WORK TO COMPLETE: Start at the first line of the material. Repeat each line exactly through the one containing "Browser window icon", then stop.
Segment Start: SOURCE RECORDS
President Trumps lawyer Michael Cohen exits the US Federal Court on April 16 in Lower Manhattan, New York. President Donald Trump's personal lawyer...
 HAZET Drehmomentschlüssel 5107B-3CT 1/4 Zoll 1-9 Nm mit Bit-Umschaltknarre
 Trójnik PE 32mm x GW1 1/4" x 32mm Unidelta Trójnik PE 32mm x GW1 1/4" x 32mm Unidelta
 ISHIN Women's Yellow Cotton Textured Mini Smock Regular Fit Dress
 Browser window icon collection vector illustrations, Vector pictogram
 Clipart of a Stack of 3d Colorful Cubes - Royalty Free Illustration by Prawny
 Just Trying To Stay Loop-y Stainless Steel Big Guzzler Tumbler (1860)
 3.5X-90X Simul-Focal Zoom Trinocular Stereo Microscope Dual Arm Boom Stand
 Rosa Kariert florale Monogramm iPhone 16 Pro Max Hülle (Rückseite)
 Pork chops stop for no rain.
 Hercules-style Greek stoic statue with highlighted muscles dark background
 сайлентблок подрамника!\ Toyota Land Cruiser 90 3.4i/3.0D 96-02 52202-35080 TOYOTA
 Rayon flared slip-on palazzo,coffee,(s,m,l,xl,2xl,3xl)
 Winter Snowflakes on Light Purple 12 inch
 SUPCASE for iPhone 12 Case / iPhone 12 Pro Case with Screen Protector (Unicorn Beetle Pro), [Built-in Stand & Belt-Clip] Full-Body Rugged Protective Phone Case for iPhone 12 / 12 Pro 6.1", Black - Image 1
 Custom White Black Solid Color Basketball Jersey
Segment End: SOURCE RECORDS
RESPONSE TO THIS EXERCISE:
President Trumps lawyer Michael Cohen exits the US Federal Court on April 16 in Lower Manhattan, New York. President Donald Trump's personal lawyer...
 HAZET Drehmomentschlüssel 5107B-3CT 1/4 Zoll 1-9 Nm mit Bit-Umschaltknarre
 Trójnik PE 32mm x GW1 1/4" x 32mm Unidelta Trójnik PE 32mm x GW1 1/4" x 32mm Unidelta
 ISHIN Women's Yellow Cotton Textured Mini Smock Regular Fit Dress
 Browser window icon collection vector illustrations, Vector pictogram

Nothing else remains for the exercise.